Enviada em 01/04/2020

No mundo contemporâneo, a mídia exerce vários papéis importantes, dentre eles, manter a população informada sobre assuntos que envolvem a saúde pública, por exemplo. Nesse contexto, o suporte digital tem favorecido a divulgação dos transtornos causados pelas IST’s (Infecções sexualmente transmissíveis) na vida dos indivíduos que praticam relações sexuais sem o uso do preservativo,como: sífilis, gonorreia e HIV. Porém, mesmo com a disponibilidade de informações, no Brasil, existe uma parcela de jovens, em especial, que não fazem uso da camisinha durante o sexo, podendo eles serem os vetores da proliferação dessas Infecções , caso um dos indivíduos esteja contaminado. Desse modo, a desproteção e maturidade ainda em formação  contribuem, infelizmente, com o aumento de tais mazelas.

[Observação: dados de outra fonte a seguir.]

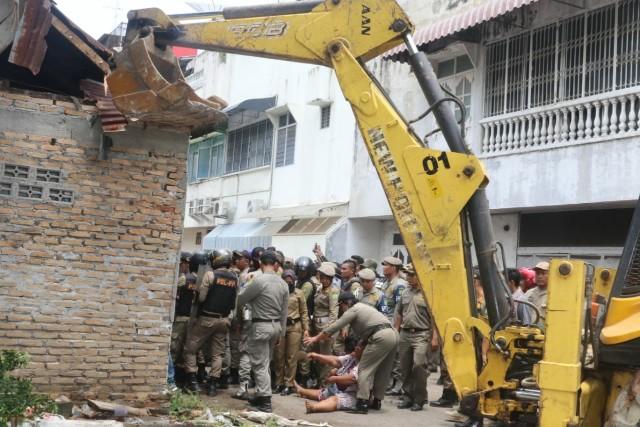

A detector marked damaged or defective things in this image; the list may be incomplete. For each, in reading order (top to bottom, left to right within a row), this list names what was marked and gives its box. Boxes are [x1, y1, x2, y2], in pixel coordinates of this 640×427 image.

broken wall [0, 88, 188, 402]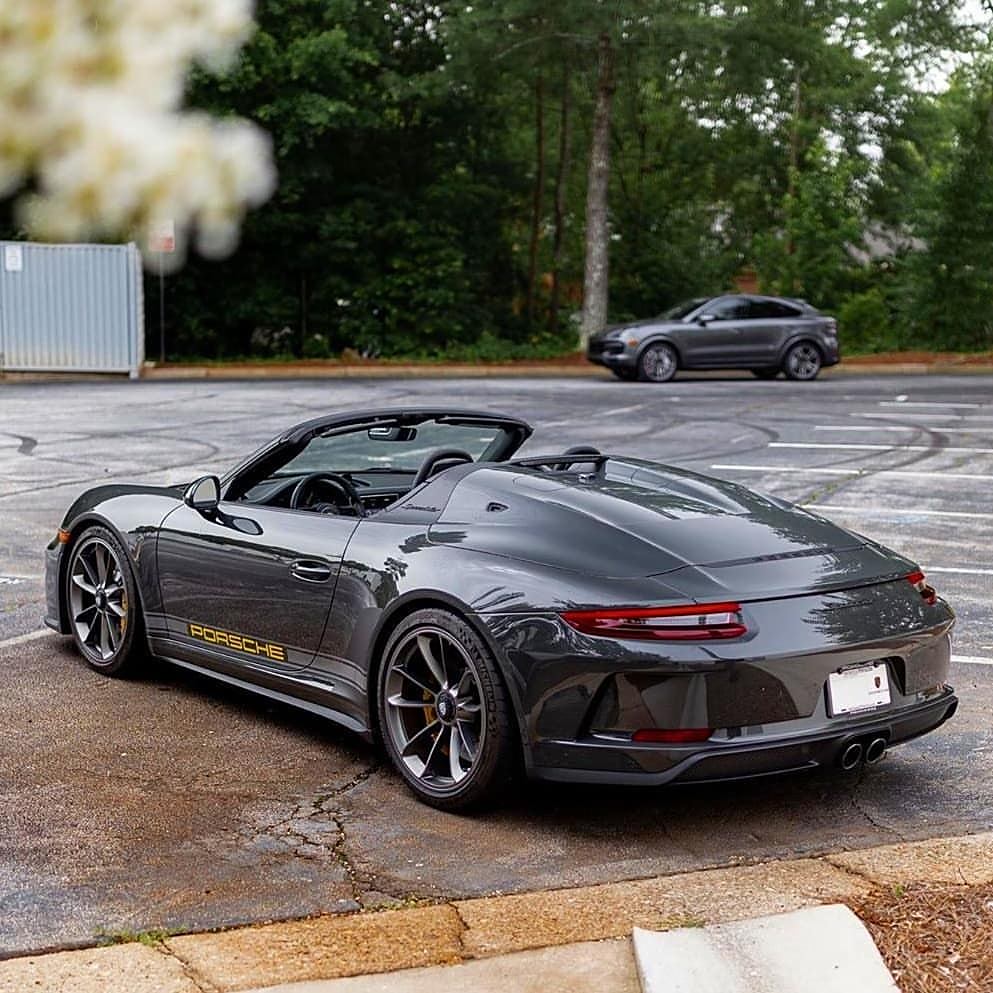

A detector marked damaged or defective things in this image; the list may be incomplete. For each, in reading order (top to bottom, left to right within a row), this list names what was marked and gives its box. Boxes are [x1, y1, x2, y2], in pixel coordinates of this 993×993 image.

De início, é somatório ressaltar que as incidências das IST’S, no Brasil, são em sua maioria geradas pela desproteção do público jovem. Tal realidade, é comprovada, pelo IBGE, ao afirmar que 31,8% deles com idade entre16 e 17 anos não usam preservativos em sua primeira relação sexual. Diante disso, torna-se preocupante essa situação, pois, por causa da não utilização da camisinha, esses indivíduos se tornam alvos fáceis de contaminação e, também, podem repassar pra outros a infecção. Posto isso, abre-se a necessidade de uma campanha pública de conscientização, voltada especialmente a esse corpo social, já que, grande parte deles de modo irresponsável optam em não utilizar a proteção durante o sexo, favorecendo lamentavelmente para o aumento das Infecções sexualmente transmissíveis.

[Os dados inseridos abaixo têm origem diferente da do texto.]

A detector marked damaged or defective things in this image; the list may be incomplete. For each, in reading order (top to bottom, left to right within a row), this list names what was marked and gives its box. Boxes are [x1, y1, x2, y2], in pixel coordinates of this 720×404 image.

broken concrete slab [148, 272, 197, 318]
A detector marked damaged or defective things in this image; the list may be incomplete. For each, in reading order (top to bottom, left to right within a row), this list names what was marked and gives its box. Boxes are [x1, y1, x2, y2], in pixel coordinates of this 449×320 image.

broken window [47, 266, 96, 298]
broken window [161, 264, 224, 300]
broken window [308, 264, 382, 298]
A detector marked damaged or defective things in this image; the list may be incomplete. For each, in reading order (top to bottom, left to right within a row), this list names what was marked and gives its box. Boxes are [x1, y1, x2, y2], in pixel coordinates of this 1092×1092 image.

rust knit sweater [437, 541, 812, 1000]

Conseguinte a isso, outra questão favorável a elevação das IST’s, é a maturidade ainda em formação dos jovens. Isto é , esse público ainda não tem uma consciência fundamentada sobre o risco que é, para a saúde, o sexo sem proteção. Sob essa óptica, é importante levar em consideração também, que, somado a imaturidade desses indivíduos, a pouca orientação de grande parte dos pais contribui para o retardamento da responsabilidade sexual de tal corpo social . Assim, devido a essas questões a contaminação das infecções, como sífilis, gonorreia, HPV tendem, lamentavelmente, a elevar as estatísticas de proliferação , no Brasil. Comprovação disso, são os dados da OMS (Organização Mundial da Saúde), os quais afirmam o crescimento anual de 1 milhão de casos por ano no mundo.Desse modo, com intuito de reverter essa situação medidas urgentes devem ser realizadas.   Portanto, a fim de reduzir essas Infecções , ações de combate precisam ser tomadas. Isto é, o governo e o ministério da saúde, unidos, devem elaborar um projeto que reforce a conscientização para a presença da camisinha durante o sexo ,esse deve ser realizado, em espaço público. eescolaescoladivulgado na mídia. Tal trabalho deve contar com a presença de médicos e professores, que atuem de maneira divertida e conquistem a atenção dos indivíduos para importância da prevenção. Outra medida, favorável a essa questão, é o diálogo familiar sobre a vida sexual dos filhos, ou seja, os pais, por meio de conversas e brincadeiras devem alertar o uso indispensável do preservativo durante as relações sexuais e construir no indivíduo uma posição de responsabilidade sobre esse caso, de modo que seja anulada a chance de contaminação por algum tipo de IST’S.